Borqs Technologies, Inc., a British Virgin Islands corporation (“ Company ” or “ Borqs ”), formerly known as Pacific Special Acquisition Corp., was incorporated in the British Virgin Islands as a company with limited liability on July 1, 2015 for the purpose of acquiring, engaging in a share exchange, share reconstruction and amalgamation, or contractual control arrangement with, purchasing all or substantially all of the assets of, or engaging in any other similar business combination with one or more businesses or entities.

 

On August 18, 2017 (“ Closing Date ”), the Company consummated the transactions contemplated by that certain Merger Agreement dated December 27, 2016, as amended on May 10, 2017 and June 29, 2017 (“ Merger Agreement ”), by and among Pacific Special Acquisition Corp. (“ Pacific ”), PAAC Merger Subsidiary Limited, an exempted company incorporated under the laws of the Cayman Islands with limited liability and a wholly-owned subsidiary of the Company (“ Merger Sub ”), Borqs International Holding Corp, an exempted company incorporated under the laws of the Cayman Islands with limited liability (“ Borqs International ”), Pacific’s sponsor, Zhengqi International Holding Limited, in its capacity thereunder as the Purchaser Representative (the “ Purchaser Representative ”), the representative Zhengdong Zou (the “ Sellers’ Representative ”) for each of Borqs International’s shareholders immediately prior to the closing (collectively, the “ Sellers ”), and for certain limited purposes thereof, Zhengqi International Holding Limited (the “ Sponsor ”).
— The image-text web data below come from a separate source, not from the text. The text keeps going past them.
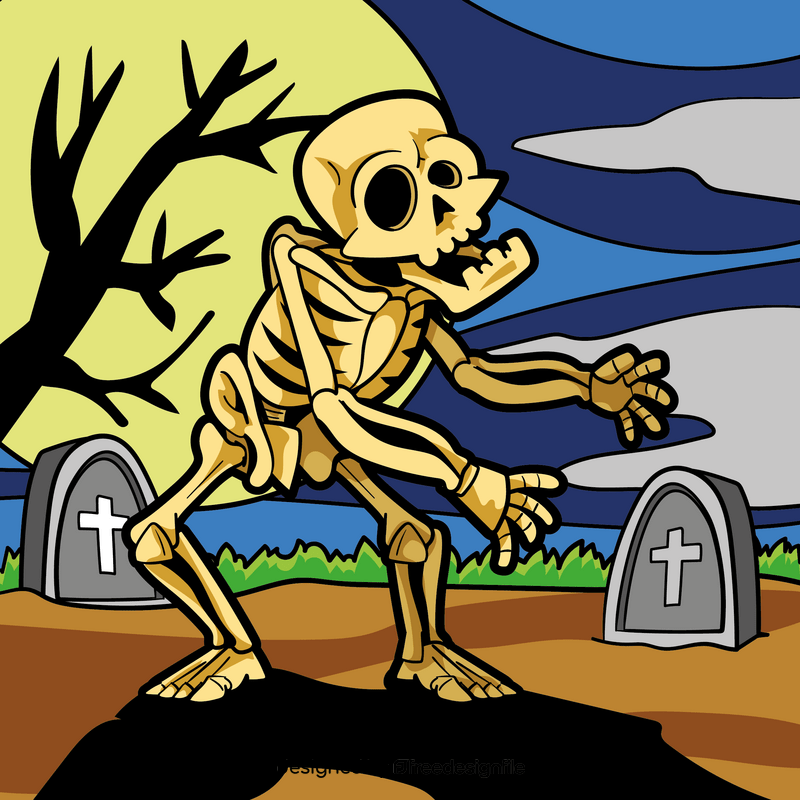 Skeleton cartoon vector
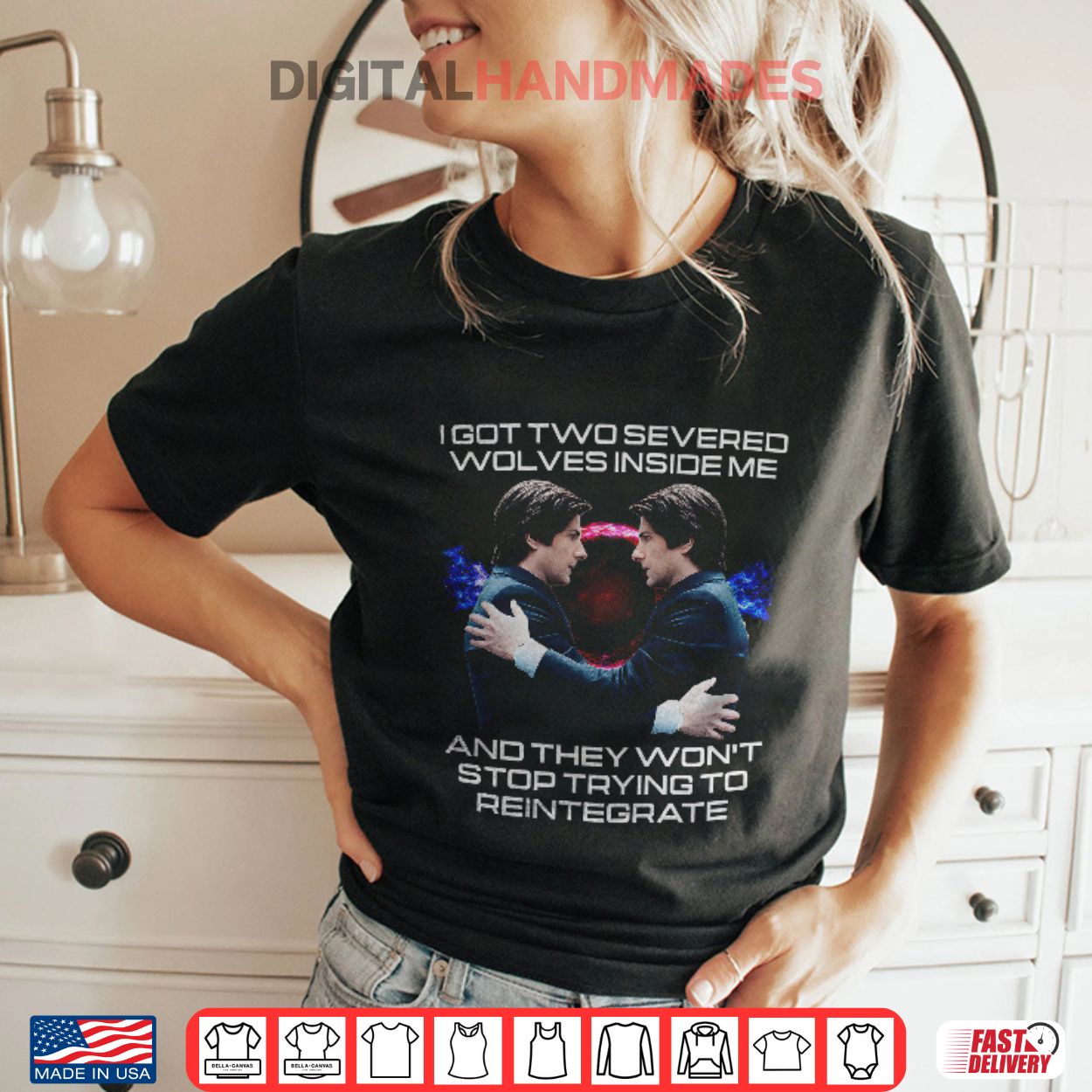 I Got Two Severed Wolves Inside Me And They Won’t Stop Trying To Reintegrate Severance Shirt I Got Two Severed Wolves Inside Me And They Won’t Stop Trying To Reintegrate Severance Shirt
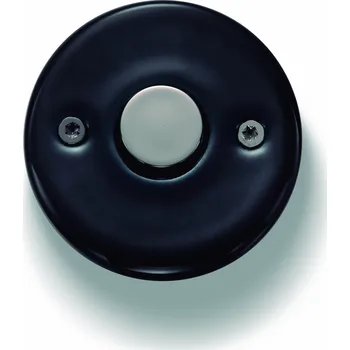 vypínač FONTINI by Font Barcelona Porcelánové tlačítko DO černé Spínač: černý nikl 33 310 02 2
Pursuant to the Merger Agreement, Merger Sub merged with and into Borqs International, with Borqs International continuing as the surviving company and a wholly-owned subsidiary of the Company, and the Company issued a total of 25,913,964 ordinary shares of the Company, with 942,467 of such shares set aside in escrow for indemnity obligations of the Sellers and 2,352,285 of such shares set aside in escrow subject to certain earn-out provisions in the Merger Agreement (and, to the extent not earned, being retained by the Sponsor and another investor that participated in the backstop arrangement) (such transaction, the “ Business Combination ”). As a result of the Business Combination, the Sellers became the controlling shareholders of the Company and Borqs International became a wholly-owned subsidiary of the Company. 

 

As a result of the Business Combination, the Company will continue the business operations of Borqs International as a publicly traded company under the name “Borqs Technologies, Inc.”

 

In accordance with “reverse merger” or “reverse acquisition” accounting treatment, our historical financial statements as of period ends, and for periods ended, prior to the Business Combination will be replaced with the historical financial statements of Borqs International in all future filings with the SEC.

 

As used in this Report, unless otherwise stated or the context clearly indicates otherwise, the terms “Company,” “Registrant,” “we,” “us” and “our” refer to Borqs Technologies, Inc., giving effect to the Business Combination.

 

This Report contains summaries of the material terms of various agreements executed in connection with the Business Combination described herein. The summaries of these agreements are subject to, and are qualified in their entirety by reference to, these agreements, which are filed as exhibits hereto and incorporated herein by reference.

 

Prior to the Business Combination, we were a “shell company” as such term is defined in Rule 12b-2 under the Securities Exchange Act of 1934, as amended (“ Exchange Act ”). As a result of the Business Combination, we have ceased to be a “shell company.” The information contained in this Report constitutes the information necessary to satisfy the conditions contained in Rule 144(i)(2) under the Securities Act of 1933, as amended (“ Securities Act ”).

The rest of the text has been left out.